Britain Get Growing: September sun in the Garden
September is a significant month for gardening and growing your own. As summer ends, it’s time to harvest what you have sown and prepare for autumn and plan for the upcoming year. With warmer soil and cooler days, September offers plenty of tasks to keep you busy. Here are some gardening tips for this month:
Get growing this September
Onions & Shallots
Onions and shallots are easy to grow in autumn from plants or sets (a young onion bulb). Plant sets from September to November. Both onions and shallots thrive in well-rotted compost, and we recommend you apply lime to acid soils in autumn and winter for the best results come harvest time.
Push the pointed end into the soil. Leaving 5 to 10 cm between onions and 15 to 20 cm (6 to 8 inches) between shallots is a good rule of thumb. You should space rows of onions 25cm to 30cm apart (10 inches to one foot) and shallots 30cm to 45cm (1 foot to 18 inches) apart.
Your winter hardy onions will be ready to harvest in February through May.
Garlic
Garlic bulbs are perfect for autumn planting, producing flavoursome and fleshy bulbs that can over winter and be harvested in June the following year.
Using a shovel, dig over the soil. Apply a general-purpose fertiliser. Plant garlic bulbs 15cm apart with a trowel. Plant one clove per hole with the fat end pointing downwards and the tip 2.5cm below the surface of the soil. Protect the young plants by filling the holes and covering them with fleece. Water regularly when it's dry. Flower spikes should be removed.
Harvest bulbs once the leaves have turned yellow and flopped over. Use a fork to carefully lift the bulbs.
Spring cabbage
Spring cabbages sown now will stand their ground over winter to provide you with delicious home-grown greens in the new year.

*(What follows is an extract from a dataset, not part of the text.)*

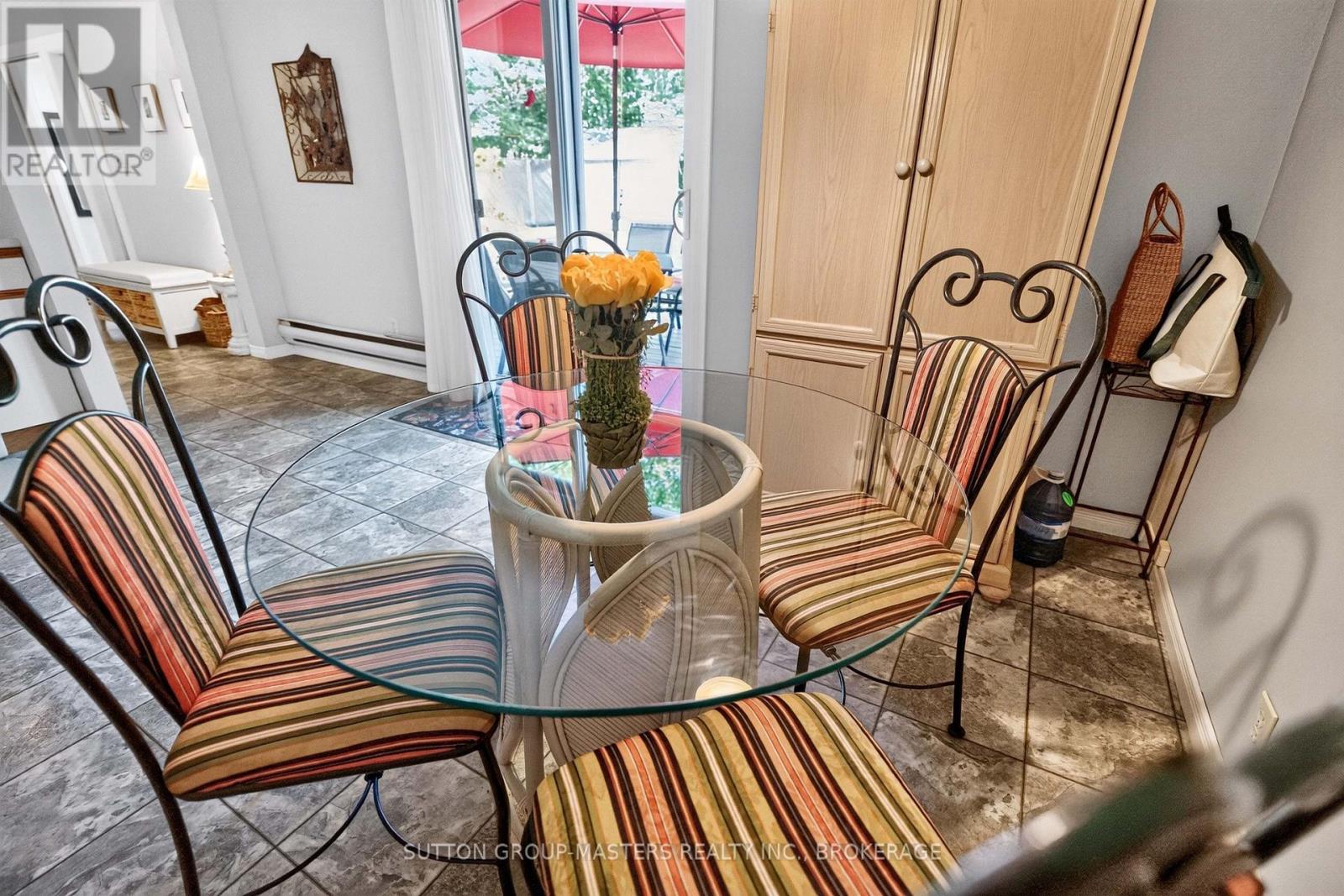 1687 HARTEN LANE - 25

You can start transplanting your young cabbage plants into the soil in September. We recommend planting compact varieties 30cm (1ft) apart and larger varieties up to 45cm (18in) apart. Cabbage loves fertile, deep alkaline soil enriched with organic matter.
Water plants well in dry weather and harvest as soon as they have formed good compact heads.
Purple sprouting broccoli
When planted in autumn, purple sprouting broccoli will grow happily outdoors through winter for a delicious spring harvest.

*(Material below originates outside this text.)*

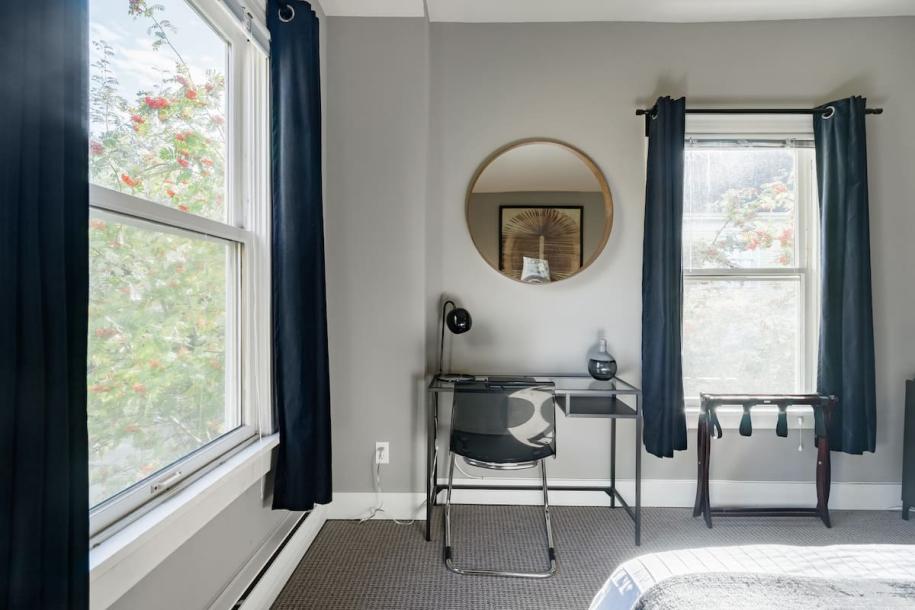 Entire rental unit in Seattle, Washington 2 guestsStudio1 bed1 bath-12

It can be grown outdoors in winter for spring harvests in containers and vegetable beds. We recommend that broccoli is planted in a hole twice as deep and three times as wide as your young plant. Mix in general-purpose compost, horticultural sand and stone or potting grit to ensure good drainage.
Your broccoli will be ready to harvest in February for an early spring treat.
Broad beans
Broad beans can be sown in Autumn and over-wintered for a fresh crop the following spring.

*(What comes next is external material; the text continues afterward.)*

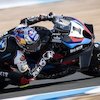 Hasil Race 2 WorldSBK Spanyol 2025: Nicolo Bulega Menang, Toprak Razgatlioglu Juara Dunia
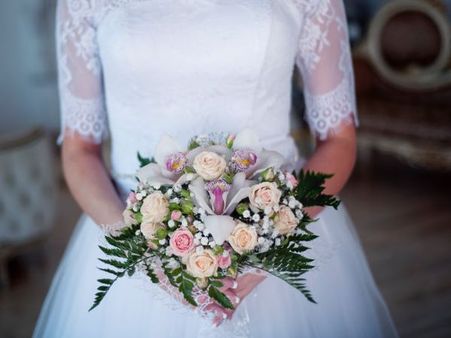 Video: 14 વર્ષના લગ્ન ખતમ કરી મહિલાએ કરી પાર્ટી, લગ્નનો ડ્રેસ સળગાવ્યો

Sow directly into the ground 20cm apart, in rows 60cm apart in manure-rich soil. To protect from blackflies, pinch out the tips of plants and stake taller varieties. Broad beans can be harvested when the pods are just 6cm long, for the most tender beans.
If growing in a pot, plant canes in the container as well to support the growing beans which will be ready to harvest from May.
Harvest this September
The benefits of earlier growing come to fruition with the bulk of the harvest coming home in September. Here are our tips as to what you can pick from your vegetable garden now:
- Maincrop potatoes
- Tomatoes
- Herbs
- Sweetcorn
- Courgettes
- Cucumbers
- Chillies
- French and runner beans.
- With raspberry plants, pick the fruit and cut back the fruited canes to ground level.
- Harvest apples, pears, and plums, and pick up any fallen fruit.